Pemerintah melalui berbagai kementerian dan lembaga terkait, termasuk perbankan, berupaya mengatasi permasalahan ini. Namun, diperlukan kolaborasi yang lebih kuat antara pemerintah, perbankan, dan masyarakat sipil untuk memastikan keberhasilan program KUR dan penghapusan piutang macet bagi UMKM. Keberhasilan program ini akan berdampak signifikan pada peningkatan ekonomi rakyat dan mengurangi kesenjangan ekonomi.
Tantangan Implementasi KUR dan Penghapusan Piutang UMKM
Salah satu tantangan utama dalam implementasi KUR adalah masih adanya permintaan agunan tambahan, meskipun peraturan telah menetapkan bahwa kelayakan usaha sudah cukup sebagai dasar pertimbangan. Hal ini menunjukkan adanya penyimpangan dari semangat KUR sebagai program keberpihakan kepada UMKM. Bank-bank seringkali memperlakukan KUR seperti kredit komersial biasa, sehingga menghambat akses UMKM terhadap pembiayaan yang mudah dan terjangkau.
Lebih lanjut, BI checking yang kaku dan penolakan debitur karena tidak memiliki catatan kredit sebelumnya juga menjadi kendala. Ini menunjukkan eksklusi struktural terhadap masyarakat yang paling membutuhkan dukungan. Kondisi ini jelas bertentangan dengan tujuan utama KUR untuk memperluas akses keuangan kepada kelompok yang tidak terlayani oleh perbankan.
Di sisi lain, kebijakan penghapusan piutang macet juga menghadapi kendala dalam pelaksanaannya.

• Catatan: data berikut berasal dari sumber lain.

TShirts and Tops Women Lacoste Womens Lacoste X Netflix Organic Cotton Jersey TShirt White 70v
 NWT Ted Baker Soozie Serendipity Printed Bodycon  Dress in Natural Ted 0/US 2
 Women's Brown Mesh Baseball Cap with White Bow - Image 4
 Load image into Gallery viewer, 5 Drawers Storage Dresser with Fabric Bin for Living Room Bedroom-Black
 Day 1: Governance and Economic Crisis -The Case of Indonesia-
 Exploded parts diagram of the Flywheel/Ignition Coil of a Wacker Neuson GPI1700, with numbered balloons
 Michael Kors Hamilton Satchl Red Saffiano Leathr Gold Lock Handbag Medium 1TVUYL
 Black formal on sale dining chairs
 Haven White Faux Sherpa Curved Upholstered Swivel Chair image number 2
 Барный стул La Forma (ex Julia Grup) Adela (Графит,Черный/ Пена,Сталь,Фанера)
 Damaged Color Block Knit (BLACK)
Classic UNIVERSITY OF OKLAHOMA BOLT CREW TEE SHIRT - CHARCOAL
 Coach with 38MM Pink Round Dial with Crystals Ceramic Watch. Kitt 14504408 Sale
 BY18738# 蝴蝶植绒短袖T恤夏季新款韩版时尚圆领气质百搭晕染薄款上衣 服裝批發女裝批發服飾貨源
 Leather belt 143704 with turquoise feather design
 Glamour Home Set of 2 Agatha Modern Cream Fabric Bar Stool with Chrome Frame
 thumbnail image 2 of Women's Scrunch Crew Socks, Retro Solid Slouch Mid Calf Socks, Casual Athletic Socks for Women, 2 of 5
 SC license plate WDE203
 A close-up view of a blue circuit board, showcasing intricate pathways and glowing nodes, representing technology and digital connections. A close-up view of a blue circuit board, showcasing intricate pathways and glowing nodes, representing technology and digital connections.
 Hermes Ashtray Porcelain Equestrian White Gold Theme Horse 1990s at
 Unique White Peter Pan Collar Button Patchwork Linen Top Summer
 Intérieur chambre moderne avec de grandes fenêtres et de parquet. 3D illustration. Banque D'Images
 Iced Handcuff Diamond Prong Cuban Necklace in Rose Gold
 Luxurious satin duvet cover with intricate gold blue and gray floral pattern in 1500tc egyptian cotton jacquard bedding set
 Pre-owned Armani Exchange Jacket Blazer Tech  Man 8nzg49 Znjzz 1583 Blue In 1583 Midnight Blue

Meskipun terdapat potensi lebih dari 1 juta debitur dengan piutang macet sebesar Rp14,8 triliun, hanya sebagian kecil yang dapat diproses karena adanya ketentuan teknis, seperti keharusan telah dilakukan restrukturisasi terlebih dahulu. Per April 2025, realisasi kebijakan ini bahkan belum mencapai 20 persen dari potensi yang ada.
Banyak pelaku UMKM yang telah berusaha keras melunasi utang, tetapi gagal karena kondisi di luar kendali mereka. Kegagalan ini bukan hanya soal beban finansial, tetapi juga tentang keadilan sosial. Tanpa ruang pemulihan bagi kelompok rentan rendah pendapatan, mereka akan terjebak dalam lingkaran pembiayaan ilegal.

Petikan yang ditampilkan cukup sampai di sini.